To lubricate the circulation process of aggregate capital, the central banks in Washington, Frankfurt, Tokyo and London have pumped gigantic sums of money into the global financial system since the fall of 2007. Nevertheless international financial institutions, economic- and finance ministers and economists still fear a general credit crunch could lead to the drying up of the capital flow guided by the West.

Some even ask whether the capital accumulated in China, India and Russia in the past years from the raw material- and export boom and partly controlled by the governments of these countries can be taped without becoming dependent on these up-and-coming powers.

These are hard times for the neoliberal consensus whose message was forced worldwide by the ruling classes in the imperialist metropolises for three decades on free capital flows.

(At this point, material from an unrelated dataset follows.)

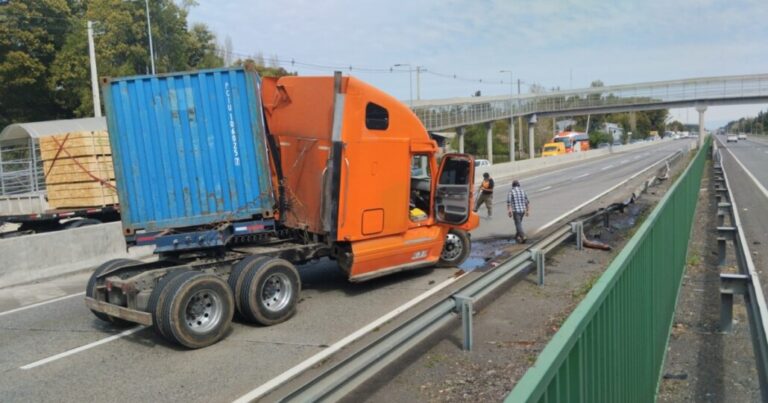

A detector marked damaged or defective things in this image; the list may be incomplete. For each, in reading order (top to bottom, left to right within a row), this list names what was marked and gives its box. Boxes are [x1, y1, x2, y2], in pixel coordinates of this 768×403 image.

damaged truck cab [87, 68, 476, 348]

The US Federal Reserve tries to stop the decline of Wall Street-dollar capitalism through massive interest reductions. According to its calculation, low interests prevent available capital from being parked for years in state bonds or gold and from being hidden under the proverbial mattress out of fear of bursting speculative bubbles. In a word, low interests should restore the fraud mentality that dramatically drove the accumulation process of capital in the past decades and the debt accumulation and presented fabulous returns and profits to big western banks.

In the crises of 1990/91 and 2001, the US and the Wall Street-dollar regime could maintain themselves as a worldwide power through a loose-aggressive monetary policy. The accumulation of capital surpluses in India and China began at that time. The euro was a fantasy or was first baptized. The Soviet Union faced collapse. Neo-capitalist Russia encountered a financial crisis.

For a long while, tectonic shifts of the capitalist world system were hardly noticed since proponents and critics of neoliberal capitalism were captive to the notion that the world market would wear down the hierarchies of the international system of states.

In the present crisis, political and economic decision makers must admit that their dear ideas of a neoliberal crisis management are not longer equal to the changed reality. Neither the rise of new political powers nor a crisis in the economic control center of world capitalism is intimated in the textbooks where crisis burdens are shifted to the capitalist periphery and the working class of all countries. Uncertainty and the beginnings of political representation within international neoliberalism could awaken movement possibilities that were buried alive for a long time amid disappointments over the drowned ideas of socialism.